_Instructions for the task:_ Look through the entries below and copy exactly the part that begins with the line containing "1305 Burgundy Ct, Southlake, TX" and ends with the line containing "Caroline Dhavernas as". Do not copy the pictures.
*** Records to process
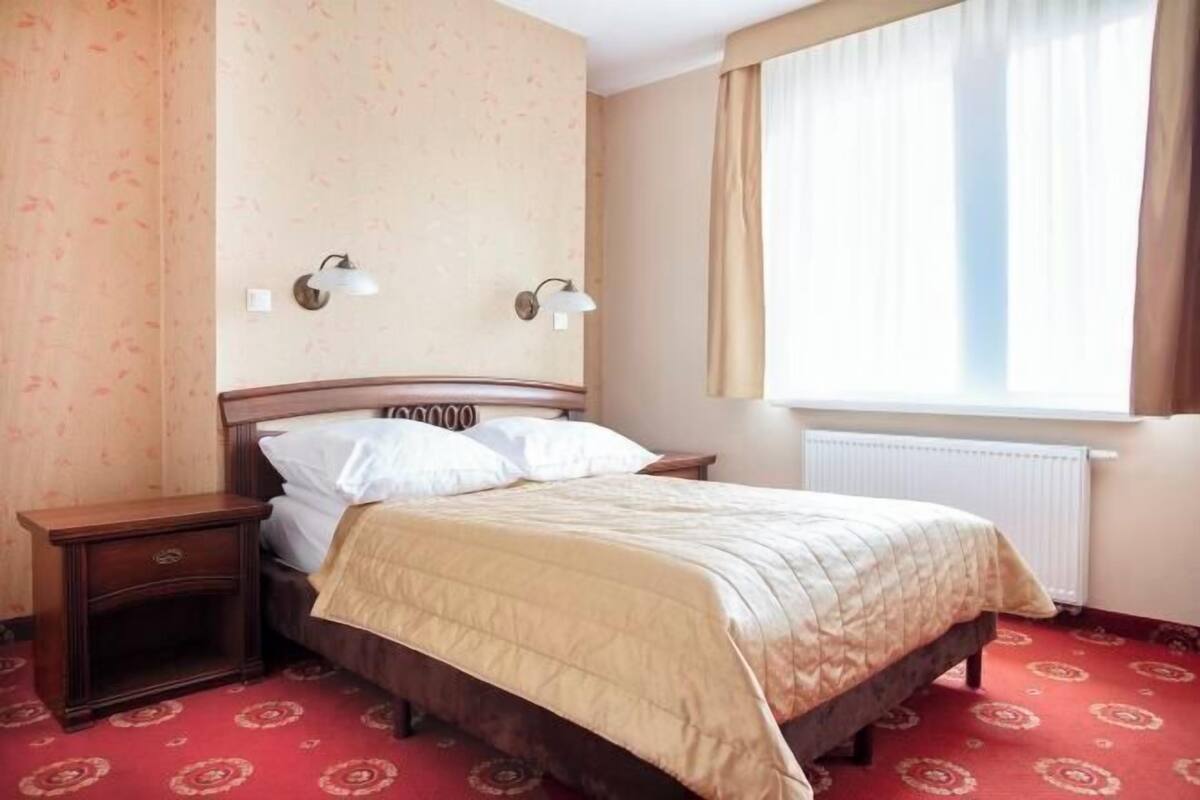 Hypo-allergenic bedding, desk, laptop workspace, blackout curtains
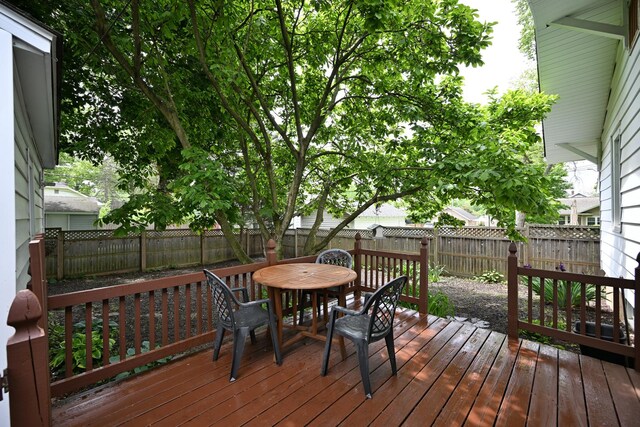 1521 W University Ave, Champaign, IL 61821 - wooden deck with a fenced backyard and outdoor dining space
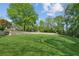 Lush backyard featuring expansive green space, mature trees, and a stone retaining wall at 1102 Emory St, Oxford, GA 30054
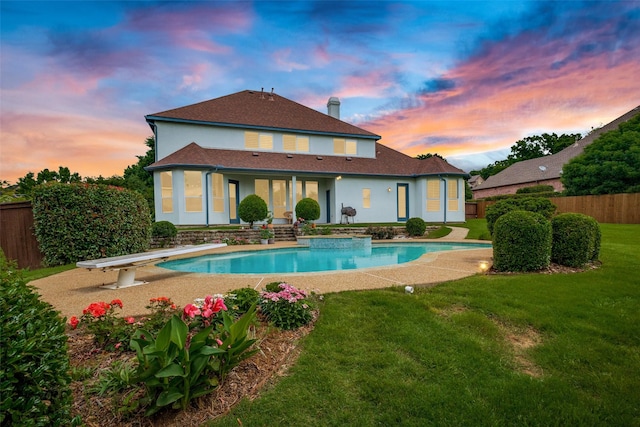 1305 Burgundy Ct, Southlake, TX 76092 - back of property at dusk featuring stucco siding and a shingled roof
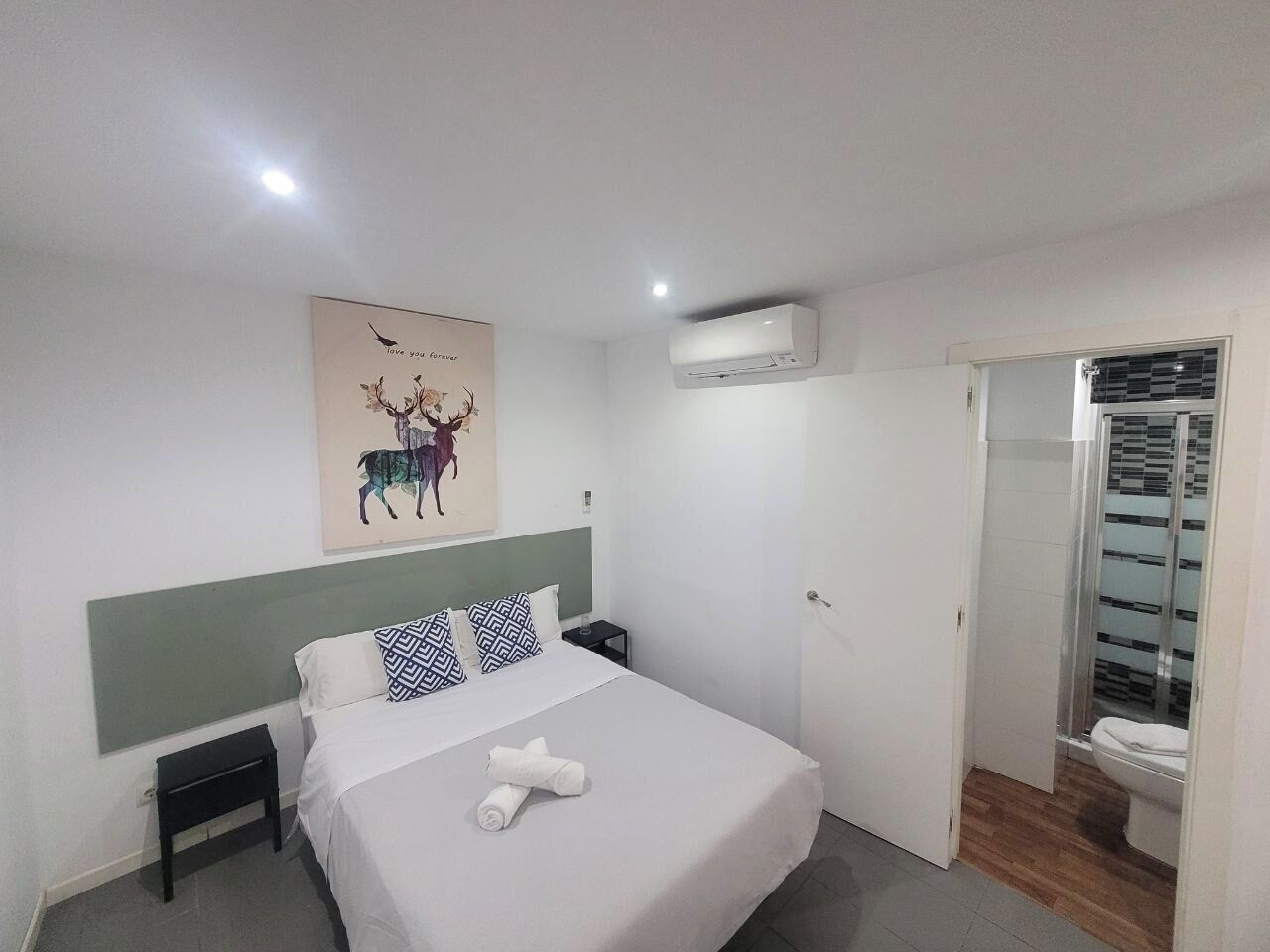 A bedroom with a bed, a nightstand, an air conditioning unit, a bathroom with a toilet and a shower.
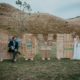 newlyweds play on giant LOVE wood sign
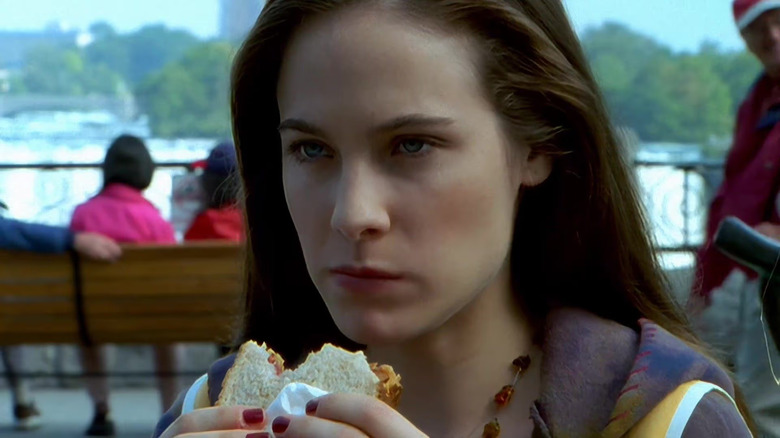 Caroline Dhavernas as Jaye eating a sandwich in Wonderfalls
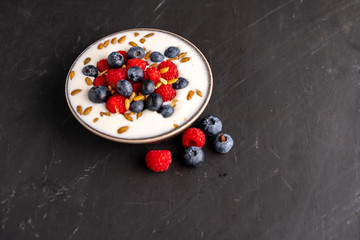 Tasty fresh blueberry raspberries  yoghurt shake dessert in ceramic bowl standing on black dark table background.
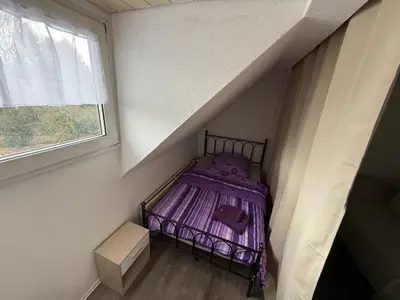 Ein Bett oder Betten in einem Zimmer der Unterkunft Haus Fröhlich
******
_Solution for this exercise:_
 1305 Burgundy Ct, Southlake, TX 76092 - back of property at dusk featuring stucco siding and a shingled roof
 A bedroom with a bed, a nightstand, an air conditioning unit, a bathroom with a toilet and a shower.
 newlyweds play on giant LOVE wood sign
 Caroline Dhavernas as Jaye eating a sandwich in Wonderfalls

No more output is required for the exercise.